* WHAT YOU NEED TO DO *
Two lines below mark the span: the one containing "IngridHoll nude strip" and the one containing "Slow Living Riverside｜カフェ・喫茶店｜施設建築". Set down both, plus every line between, exactly as they stand, and nothing else.

___ DATASET CONTENT

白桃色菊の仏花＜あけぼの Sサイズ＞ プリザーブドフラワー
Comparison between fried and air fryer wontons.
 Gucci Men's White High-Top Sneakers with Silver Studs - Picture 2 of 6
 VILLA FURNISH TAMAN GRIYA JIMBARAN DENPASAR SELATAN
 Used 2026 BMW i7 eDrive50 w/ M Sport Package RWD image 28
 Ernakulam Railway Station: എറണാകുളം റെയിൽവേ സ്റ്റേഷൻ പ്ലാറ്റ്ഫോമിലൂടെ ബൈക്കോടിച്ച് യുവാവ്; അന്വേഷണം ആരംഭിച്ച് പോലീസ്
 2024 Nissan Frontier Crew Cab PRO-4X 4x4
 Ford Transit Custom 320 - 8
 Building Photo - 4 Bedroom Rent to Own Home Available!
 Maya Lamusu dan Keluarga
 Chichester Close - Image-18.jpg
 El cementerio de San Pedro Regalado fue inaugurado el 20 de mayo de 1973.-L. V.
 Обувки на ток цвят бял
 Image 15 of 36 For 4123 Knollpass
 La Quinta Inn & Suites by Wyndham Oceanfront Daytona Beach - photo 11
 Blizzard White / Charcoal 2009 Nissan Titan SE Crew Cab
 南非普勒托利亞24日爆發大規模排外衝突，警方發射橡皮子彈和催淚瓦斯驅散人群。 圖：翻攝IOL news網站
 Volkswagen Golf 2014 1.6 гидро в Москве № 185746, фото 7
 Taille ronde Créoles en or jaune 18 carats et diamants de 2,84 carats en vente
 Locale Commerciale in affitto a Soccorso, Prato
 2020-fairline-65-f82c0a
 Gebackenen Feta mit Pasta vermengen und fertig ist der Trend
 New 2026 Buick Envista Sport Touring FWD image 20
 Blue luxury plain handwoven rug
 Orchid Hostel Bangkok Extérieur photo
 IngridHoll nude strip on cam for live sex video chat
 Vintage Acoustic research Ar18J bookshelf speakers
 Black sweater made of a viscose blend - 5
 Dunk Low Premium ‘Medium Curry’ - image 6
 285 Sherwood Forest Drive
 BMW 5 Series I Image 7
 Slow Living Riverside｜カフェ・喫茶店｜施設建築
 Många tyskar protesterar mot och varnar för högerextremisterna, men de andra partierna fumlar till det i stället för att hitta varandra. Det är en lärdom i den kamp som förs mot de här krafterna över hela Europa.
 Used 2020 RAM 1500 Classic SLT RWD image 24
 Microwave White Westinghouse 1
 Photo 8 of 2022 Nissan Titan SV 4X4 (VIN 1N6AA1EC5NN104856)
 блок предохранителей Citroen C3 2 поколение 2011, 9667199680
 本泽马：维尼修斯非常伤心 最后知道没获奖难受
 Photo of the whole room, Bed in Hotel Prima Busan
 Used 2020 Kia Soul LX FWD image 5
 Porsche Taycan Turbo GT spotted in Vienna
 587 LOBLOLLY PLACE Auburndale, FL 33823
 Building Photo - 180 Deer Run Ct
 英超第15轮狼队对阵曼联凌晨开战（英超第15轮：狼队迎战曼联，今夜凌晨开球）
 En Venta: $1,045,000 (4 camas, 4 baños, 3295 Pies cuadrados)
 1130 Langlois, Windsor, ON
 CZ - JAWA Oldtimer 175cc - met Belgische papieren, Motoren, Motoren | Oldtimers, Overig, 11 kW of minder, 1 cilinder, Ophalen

______

* RESPONSE AREA *
 IngridHoll nude strip on cam for live sex video chat
 Vintage Acoustic research Ar18J bookshelf speakers
 Black sweater made of a viscose blend - 5
 Dunk Low Premium ‘Medium Curry’ - image 6
 285 Sherwood Forest Drive
 BMW 5 Series I Image 7
 Slow Living Riverside｜カフェ・喫茶店｜施設建築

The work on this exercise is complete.